Vivian Fine (28 September 1913 in Chicago, IL - 20 March 2000 in Bennington, VT)
Over her 70 year career, Vivian Fine became one of America’s most important composers. In addition to numerous articles and several dissertations, two books have been published on Fine’s life and music: The Music of Vivian Fine, by the noted musicologist Heidi Von Gunden (Scarecrow Press, 1999), which won the ASCAP-Deems Taylor award in 2000, and Vivian Fine, A Bio-Bibliography, by the poet and composer Judith Cody (Greenwood Press, 2002). Her complete musical archives may be found on her website at vivianfine.org,
Vivian Fine was born in Chicago. Fine composed her first piece at thirteen while studying harmony with Ruth Crawford, who considered Fine her protegée. Through Madame Herz and Crawford, Fine met Henry Cowell, Imre Weisshaus, and Dane Rudhyar, who became strong supporters of her talent.

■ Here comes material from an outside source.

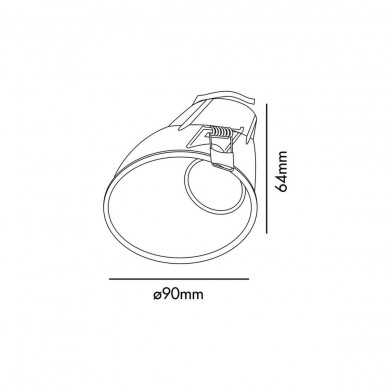 Spot FRESH 1x8W GU10 MAX Or Mat H64 FARO 2100603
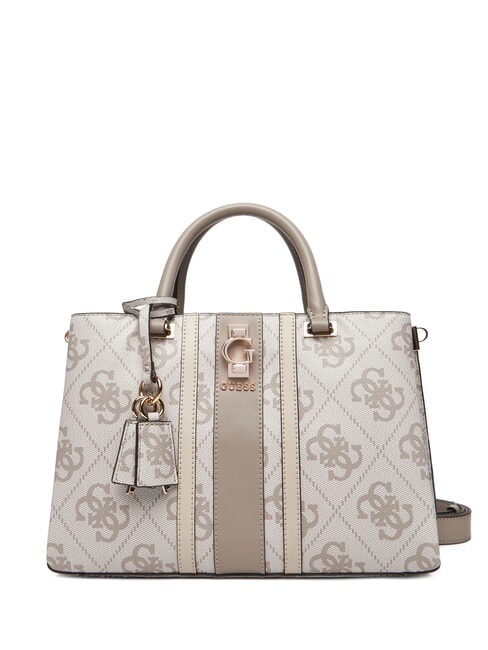 GUESS ERENIA Handbag, with shoulder strap dark taupe logo - Women’s Bags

Fine made her professional debut as a composer at age sixteen with performances in Chicago, New York (Solo for Oboe, at a Pan-American Association of Composers’ concert) and Dessau (Four Pieces for Two Flutes, at an International Society of Contemporary composers’ concert). In 1931, the 18-year-old Fine moved to New York to further her studies. In addition to her career as a composer, Fine continued to perform.
Fine’s early compositional style was highly dissonant and contrapuntal. Henry Brant noted that “No two Fine pieces are alike either in subject matter or instrumentation; each new work appears to generate its own style appropriate to the subject, and there are no mannerisms which persist from work to work.”

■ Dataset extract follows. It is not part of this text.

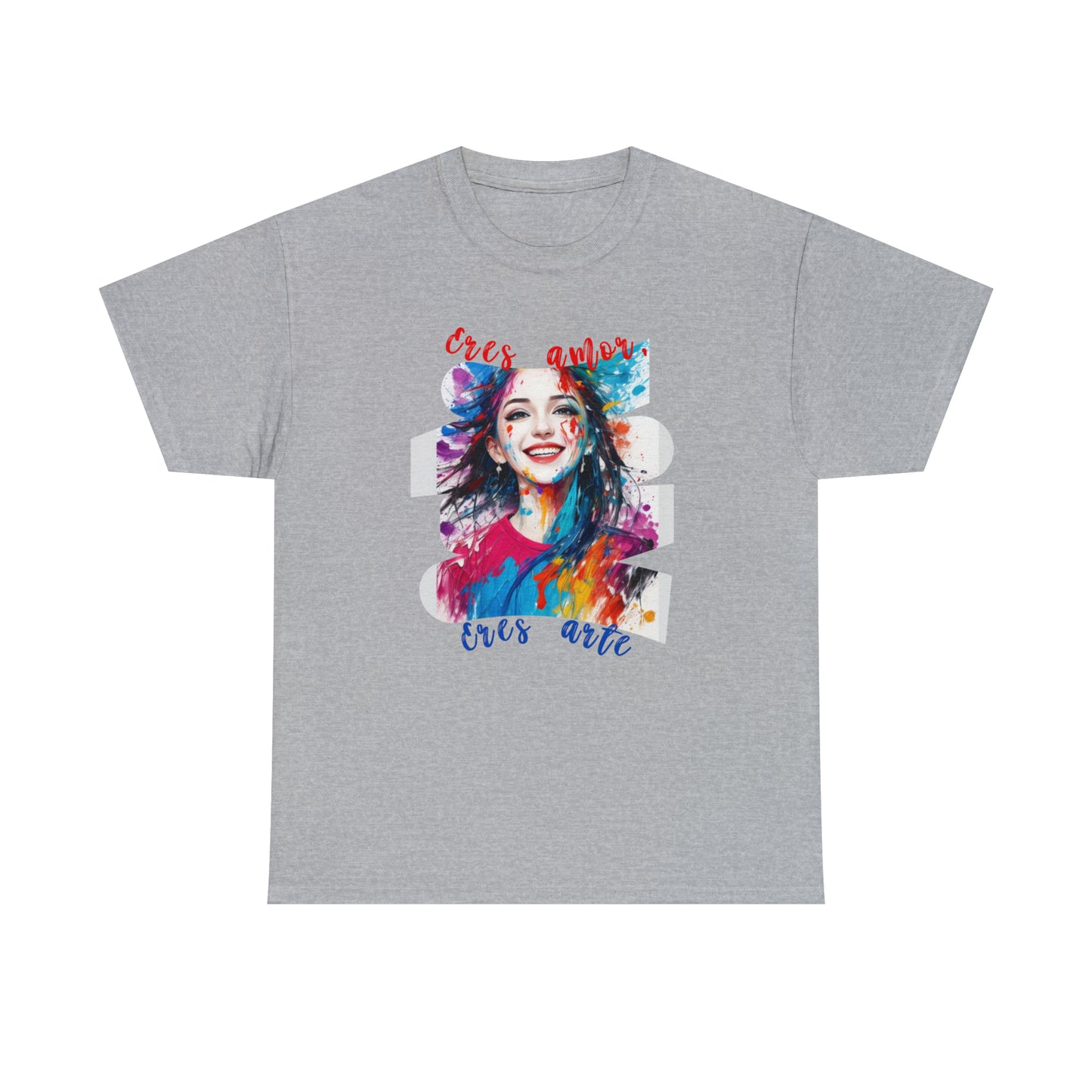 Camiseta unisex de algodón pesado - Amor y libertad - 05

Notable in Fine’s work is a sense of fun, either as a major element in the piece (The Race of Life, Memoirs of Uliana Rooney) or as a humorous section or reference inserted into a more serious piece (The Women in the Garden, Songs and Arias).

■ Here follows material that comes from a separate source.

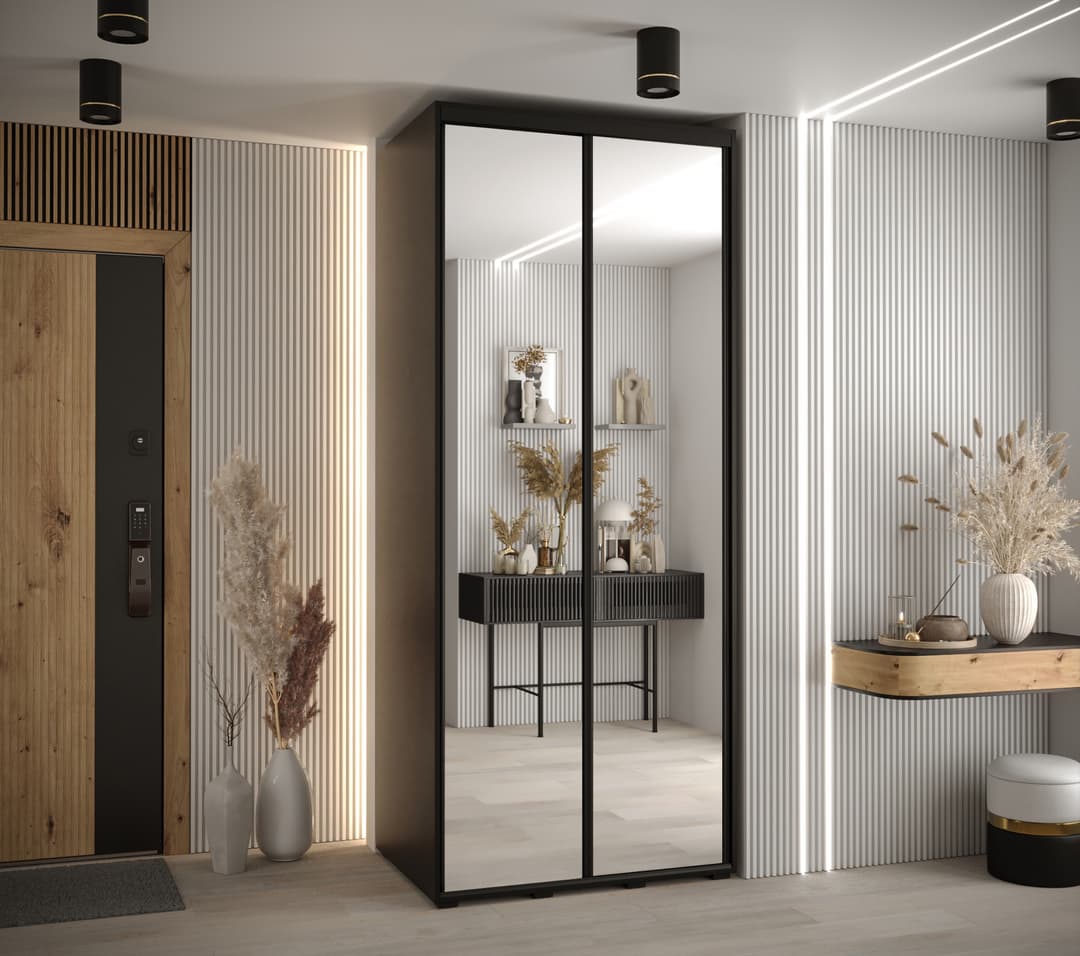 Cannes II Sliding Door Wardrobe 100cm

Fine wrote extensively for voice, employing the poetry of Shakespeare, Racine, Dryden, Keats, Whitman, Dickinson, Kafka, Neruda, and others in a wide variety of settings. She composed two chamber operas, The Women in the Garden (1978) and Memoirs of Uliana Rooney (1994). In The Women in the Garden, Fine used the writings of Emily Dickinson, Virginia Woolf, Isadora Duncan and Gertrude Stein to fashion conversations among the four women and a tenor representing the various men in their lives.
Among Fine’s many awards were a Guggenheim Fellowship, grants from the Ford, Rockefeller, Ditson, Woolley, Koussevitsky, Readers’ Digest and Elizabeth Sprague Coolidge foundations, several grants from the National Endowment for the Arts, and the Dollard andYaddo Awards. For many years, Fine was a beloved member of the faculty of Bennington College in Vermont. Fine died in March of 2000 at the age of 86, following an automobile accident.
Fine's manuscripts are housed at the Library of Congress.